Friday, February 6, 2009

Yummy, yummy yogurt

So, Wednesday night I made another batch of yogurt. This time I tried a slightly different method- I heated the milk to boiling on the stove top and brought it back down to temp in a cold water bath before adding the starter and wrapping it up for the night. The resulting yogurt was much milder than the crockpot version. The milk itself might have made a difference, too. When I went to HEB they had half gallons of organic milk on sale for $2 a piece (when I bought milk for my last batch of yogurt they were $2.99 a piece), but they were out of skim so I had to use 1%.
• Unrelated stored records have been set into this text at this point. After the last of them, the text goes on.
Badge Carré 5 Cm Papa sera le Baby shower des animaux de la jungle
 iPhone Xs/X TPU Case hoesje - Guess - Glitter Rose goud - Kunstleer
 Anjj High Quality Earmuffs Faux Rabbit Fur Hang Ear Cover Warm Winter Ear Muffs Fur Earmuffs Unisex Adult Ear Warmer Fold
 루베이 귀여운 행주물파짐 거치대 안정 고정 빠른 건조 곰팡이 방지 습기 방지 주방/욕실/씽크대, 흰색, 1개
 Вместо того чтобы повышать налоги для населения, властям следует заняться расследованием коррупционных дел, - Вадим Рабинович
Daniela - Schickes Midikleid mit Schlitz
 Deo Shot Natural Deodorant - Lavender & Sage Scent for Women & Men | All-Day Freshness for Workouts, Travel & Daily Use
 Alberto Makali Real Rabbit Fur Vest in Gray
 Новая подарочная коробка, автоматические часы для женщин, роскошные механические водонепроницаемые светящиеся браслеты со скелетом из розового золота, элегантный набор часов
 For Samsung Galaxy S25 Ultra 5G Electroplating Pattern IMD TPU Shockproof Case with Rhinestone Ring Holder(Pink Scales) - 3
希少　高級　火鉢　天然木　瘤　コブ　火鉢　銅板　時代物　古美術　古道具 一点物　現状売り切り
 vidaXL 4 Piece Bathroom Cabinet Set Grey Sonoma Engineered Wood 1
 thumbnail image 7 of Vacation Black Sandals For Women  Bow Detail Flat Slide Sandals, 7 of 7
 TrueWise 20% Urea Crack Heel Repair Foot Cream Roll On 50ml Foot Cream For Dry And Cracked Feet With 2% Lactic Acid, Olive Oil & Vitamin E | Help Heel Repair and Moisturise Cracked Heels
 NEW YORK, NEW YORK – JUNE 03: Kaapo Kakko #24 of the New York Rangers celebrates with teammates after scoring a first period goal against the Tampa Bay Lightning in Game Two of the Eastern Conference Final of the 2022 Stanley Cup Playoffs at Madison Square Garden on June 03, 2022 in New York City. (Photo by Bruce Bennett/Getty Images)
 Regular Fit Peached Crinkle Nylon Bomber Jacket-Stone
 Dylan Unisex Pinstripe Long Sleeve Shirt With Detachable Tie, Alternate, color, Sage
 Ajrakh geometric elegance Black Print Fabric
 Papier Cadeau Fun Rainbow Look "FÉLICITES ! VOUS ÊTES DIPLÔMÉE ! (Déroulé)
Whether it was the method or the fat, this batch of yogurt is gooood. The flavor is so mild that there's no need to add any honey. I just mixed in some diced apple and homemade granola and breakfast is served.

I will probably use the crockpot to make yogurt again at some point, but for right now the stove top version is my method of choice. With the crockpot it was hard for me to be available to start it, stop it, stir it at the right times. Even being off work, I'd be napping or at a PT appointment or I'd forget to start it and then I'd have to stay up late to finish it. With the stove top version, as long as I've got a half hour to spare I can do it and be done.

In the meantime, I found another use for my crockpot- chicken nuggets. I made the Crockpot Lady's chicken nugget recipe for dinner tonight, and they were yum. http://crockpot365.blogspot.com/2008/09/crockpot-chicken-nuggets-recipe.html
I will definitely be making these again. I used tortilla crumbs for the breading, seasoned with onion and garlic powder and seasoning salt. They were a little tortilla-ee, so I may consider trying a different gluten-free bread crumb option. Maybe I'll crush up some Glutino pretzels and make a pretzel crust. Although at $6 a bag, the Glutino pretzels may be a little pricey to use in cooking.

It's only 9:30 but I'm getting tired. I think it's off to bed for me.

Wednesday, February 4, 2009

Disaster!

My yogurt. It did not yoge. I got it started as usual last night, but this morning instead of waking up to a batch of tangy delicious yogurt I found a crockpot full of slightly weird smelling milk. I ended up eating leftovers for breakfast instead. I suspect that either it was too cool in the apartment for it to "take" or there wasn't enough live culture left in the yogurt I used as a starter. That'll teach me to wait until I'm out of yogurt to make more.